The result was that I had (and sometimes still have) a hard time unbreaking my habit of qualifying my positive comments with just a touch of disappointment. Whereas I might absolutely love a walk in the woods, I would be quick to point out the rather small pebble in my shoe rather than just enjoying the exercise, the flowers, and the suffocating pollen (just kidding).

In the past year, I have rediscovered the joy in seeing the positive. I always “knew” it was important but the hectic-ness of work and life had tainted my perspective. I could often see the positive but the buts kept getting in the way of seeing it fully. More recently, I have been amazed by what I have seen just by looking beyond my but. And what’s more, I think people enjoy my company more when I’m not always showing my but.

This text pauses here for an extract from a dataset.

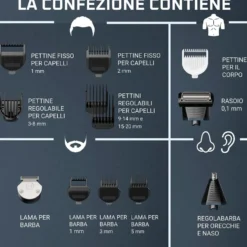 Regolabarba Rowenta X Series 700 TN9650, 14-in-1 con lame in carbonio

Now, let me clarify one thing. I’m not talking about an approach where you sugar coat your life experiences so that everything is “really amazing” and every day is “super-fantastic.” That’s a bit nauseating. I’m talking about simply seeing the truthful beauty in life for what it is and trying to show a bit less but.

Sometimes, we must deal with negative things and it’s not appropriate to be disingenuous about that. Honesty is still a good policy and we can be honest while at the same time being care-full and respect-full. So, if we need to deliver some bad news or give someone feedback that might be difficult to handle, we must do so with compassion realizing that everything is not perfect and sometimes there is pain. Beyond that, however, I think we can bring much more light into the world when we keep our focus on what’s right rather than what’s wrong. There are plenty of people who will point out the wrong. Those are the big buts of the world and we see them all the time.

So how to you see beyond your but? Here are three tips.

Be grateful. An easy way to see the positivity in our world is to be grateful for what we have. When so much of the world is suffering, it’s a pretty cool to have food, clothes, and shelter – even though we may have a tough job, a stressful relationship, or an old car. When we take an inventory, we can usually find many ways to be grateful.

Look harder to truly see. Sometimes we go through life with blinders on and don’t really see what might be right in front of us. If we look harder, however, it’s amazing what we will notice. For instance a tree is a common part of our environment but if you really look, you’ll see that it is a complex system of wood, leaves, and color. That’s seeing more than just a tree.

It’s all about relationships.  Our lives are about relationships: our relationship with the world;  our relationship with our significant others; and our relationship with the people we encounter in our day-to-day existence. When we see the value of these relationships, we truly appreciate the exchanges of joy that can occur between people.

If your perspective has become negative, consider how you can see beyond it. There is a beautiful world out there and regardless of the challenges we may be experiencing, there is always something amazing right under our noses…yet beyond our buts.


  • Kris Roeder says:

    You are absolutely right, Ron! This puts me in mind, too, of people that start off a crucial conversation with “No offense, but…” It’s most often the “but” that kills you! Afterwards, you can’t remember anything other than the “but” and the phrase that followed it. BUT, if we keep our positive perspective, our sense of humor and our sense of gratitude, our “buts” will get smaller. Thank you for sharing.